Marcelo.Miranda 25/06/2023
Tudo é aliado da MULHER que sabe querer
Sempre me causou intenso incômodo essa divisão que os “especialistas” impõem em relação à obra machadiana, como se o suprassumo, o ouro, os trabalhos de qualidade tivessem engatado apenas a partir de Memórias Póstumas de Brás Cubas, e tudo o que viera antes não passasse de rascunhos, trampolins ou resultados de uma “fase imatura” do autor.
Pode notar, caro leitor, como essa galera, muitos com os carimbos e diplomas de doutores universitários, sempre trata essa fornada literária com condescendência. Eu já cheguei a ouvir pérolas sobre o livro Contos Fluminenses, que na ocasião fora tachado como “contos menos bons do Machado”. É vergonhoso que tais ideias equivocadas sejam difundidas por acadêmicos, pois elas acabam sendo assimiladas pelo público leitor e até pelo mercado editorial.
Obras de altíssima qualidade são relegadas à segunda divisão. Não à toa nós não encontramos com facilidade edições robustas delas sendo lançadas, como faz a Antofágica com os livros populares, por exemplo. Sempre o pingue-pongue de Dom Casmurro, Memórias Póstumas e um punhado de contos.
Pois bem, registrado o desabafo, vamos ao que interessa, a análise de A Mão e a Luva. E que obra magnífica! Aparentemente mais uma história de mulher dividida entre a escolha de seus pretendentes, mas, claro que isso logo é desmentido quando a nossa anti-heroína entra em cena. A Guiomar talvez seja a grande personagem feminina machadiana. Quer dizer, talvez não, eu digo que ela realmente é.
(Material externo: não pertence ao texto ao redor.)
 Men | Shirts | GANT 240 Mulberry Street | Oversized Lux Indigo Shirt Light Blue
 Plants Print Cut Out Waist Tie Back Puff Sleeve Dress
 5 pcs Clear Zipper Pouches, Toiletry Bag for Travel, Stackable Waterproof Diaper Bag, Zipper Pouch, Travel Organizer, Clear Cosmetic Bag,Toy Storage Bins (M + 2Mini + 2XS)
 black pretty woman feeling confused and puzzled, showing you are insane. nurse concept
Até a leitura desse livro eu era partidário da Sofia, de Quincas Borba. Só que a Guiomar é fria, calculista, arrogante, ambiciosa e só não chega a ser arrivista por falta da ocasião que faria o ladrão. Personagens como Capitu, Helena, Marcela e Sofia são vistas em suas respectivas obras sempre com o filtro do olhar do personagem masculino principal (ao menos na maior parte do tempo). Aqui não. Aqui nós vemos a Guiomar desnudada, sempre ponderando a cada momento se determinada decisão terá impacto no afeto da madrinha. Claro, em nenhum momento é posta em dúvida que ela realmente sinta afeto pela baronesa, mas o narrador não deixa de mencionar que o fato dela ser rica torna as coisas muito mais convenientes. Eu enfatizo a parte do salvamento da futura professora e o demérito de um trabalho para provar o ponto.
Trata-se de uma personagem de caráter questionável. Por exemplo, ela fica o tempo todo incomodada com a governanta inglesa, Mrs. Oswald. Para ela, é revoltante que uma empregada queira interferir na relação entre afilhada e madrinha, até porque alguém de “status social inferior” estava empurrando um pretendente na jogada, mas há uma contenção da fúria, porque Guiomar sabe que isso não trará benefícios. E lá vemos a personagem fingindo mansidão. Uma ligeira luta de classe sendo escamoteada.
Só que, na minha opinião, a parte mais intrigante é como ela reage aos 3 pretendentes, cerne da obra. Existe um sadismo no trato de Guiomar com Estevão. É o machado zoando os ultrarromânticos usando o advogado como alegoria. E olha que ela não faz o mesmo com o Jorge, afinal, este é um sobrinho da baronesa. Que mulher sacana, não?
E sobre o Estevão, gosto como o Machado quebra a expectativa, pois o início da história foca tanto nos arroubos românticos do advogado, que acabamos por imaginar que se trataria do “herói” da história, mas ele é achincalhado por todo mundo, e não coincidentemente trata-se do pretendente menos abastado financeiramente. E menos ambicioso que Luis Alves, principalmente.
A história segue o seu ótimo fluxo, desdizendo a falsa modéstia do autor na nota em que pede desculpas pelas incongruências típicas de algo originário de um folhetim. O desfecho é digno do título. A Mão e a Luva tem que estar na primeira prateleira da literatura brasileira, qualquer coisa menor do que isso é subestimar essa obra-prima.
Sobre a edição, eu li a 19. ed. da editora Ática, e sorte dos leitores (eu sou um sortudo) que deixarem para ler os textos de apresentação e de contracapa após a conclusão da história, já que eles possuem spoilers desnecessários.